Against that big box in Grandmother’s kitchen stood the sea-chest, fresh with the same kitchen paper and piled with wood. There was another such chest in the living-room near the old fireplace, and still another in Grandfather’s work-room behind the “template” stove.

But wood and warmth and sweet smells were not all. There was music also, the music of life, of young life and of old life—grandparents, grandchildren (about twenty-eight of the latter). There were seven of us alone—a girl at each end of the seven and one in the middle. Thanksgiving always found us all at Grandfather’s and brimming full of thanks.

That, of course, was long, long ago. Things are different nowadays. There are as many grandfathers, I suppose, as ever; but they don’t make brooms in the winter and live on farms.

They live in flats. The old farm with its open acres has become a city street; the generous old farmhouse has become a speaking-tube, kitchenette, and bath—all the “modern conveniences”; the cows have evaporated into convenient cans of condensed “milk”; the ten-barrel box of potatoes has changed into a convenient ten-pound bag, the wood-pile into a convenient five-cent bundle of blocks tied up with a tarred string, the fireplace into a convenient gas log, the seven children into one or none, or into a little bull-terrier pup.

But is it so? No, it is not so—not so of a million homes.
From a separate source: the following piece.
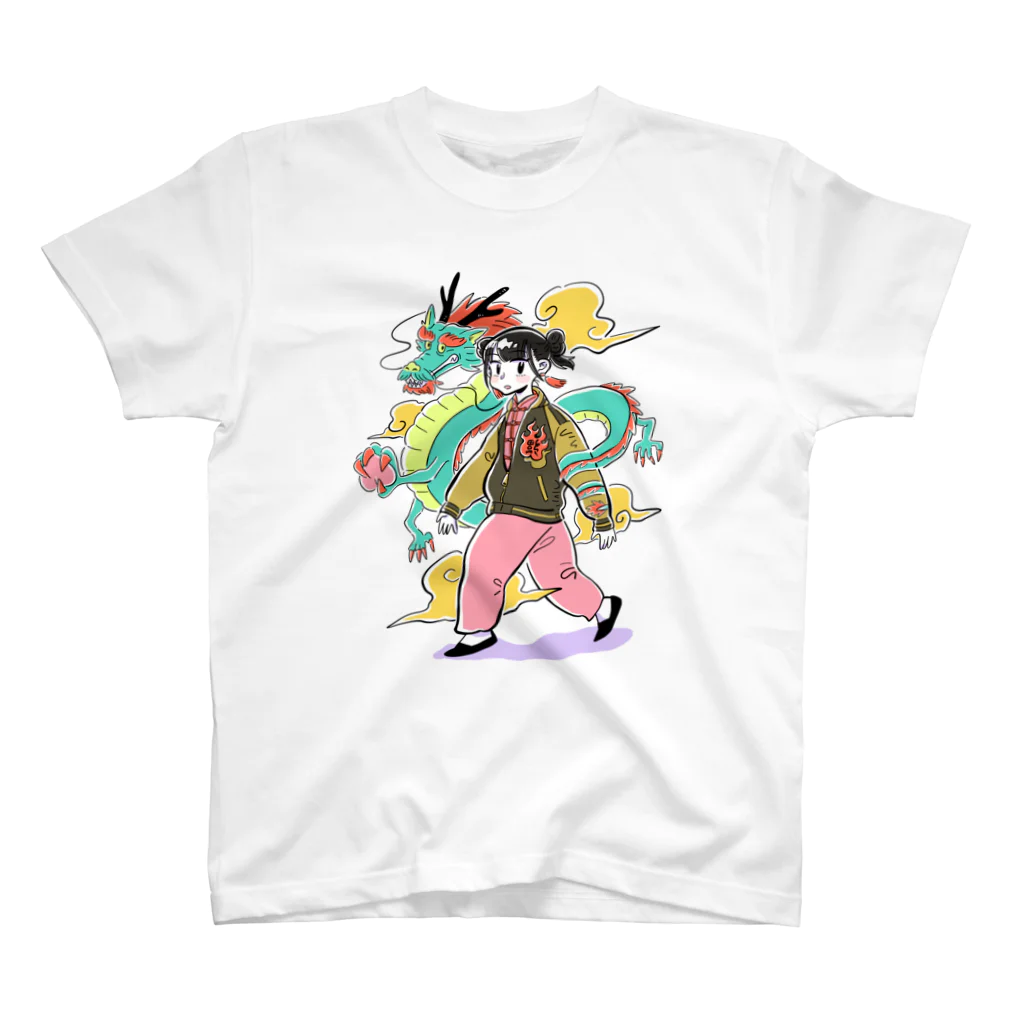 百瀬ガンジィのゴキゲンSHOPのスカジャンチャイナ娘(龍) Regular Fit T-Shirt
For there is many an old-fashioned farmhouse still in the country, and many a new-fashioned city house where there are more human children than little bull-terrier pups.

And it is not so in my home, which is neither a real farm nor yet a city home. For here are some small boys who live very much as I did when I was a boy. No, they are not farmer’s boys; for I am not a farmer, but only a “commuter”—if you know what that is. I go into a great city for my work; and when the day’s work is done, I turn homeward here to Mullein Hill—far out in the country. And when the dark November nights come, I hang the lantern high in the stable, as my father used to do, while four shining faces gather round, as four small boys seat themselves on upturned buckets behind the cow. The lantern flickers, the milk foams, the stories flow—“Bucksy” stories of the noble red-man; and stories of the heroes of old; and marvelous stories of that greatest hero of all—their father, far away yonder when he was a boy, when there were so many interesting things to do on Grandfather’s farm just before Thanksgiving Day.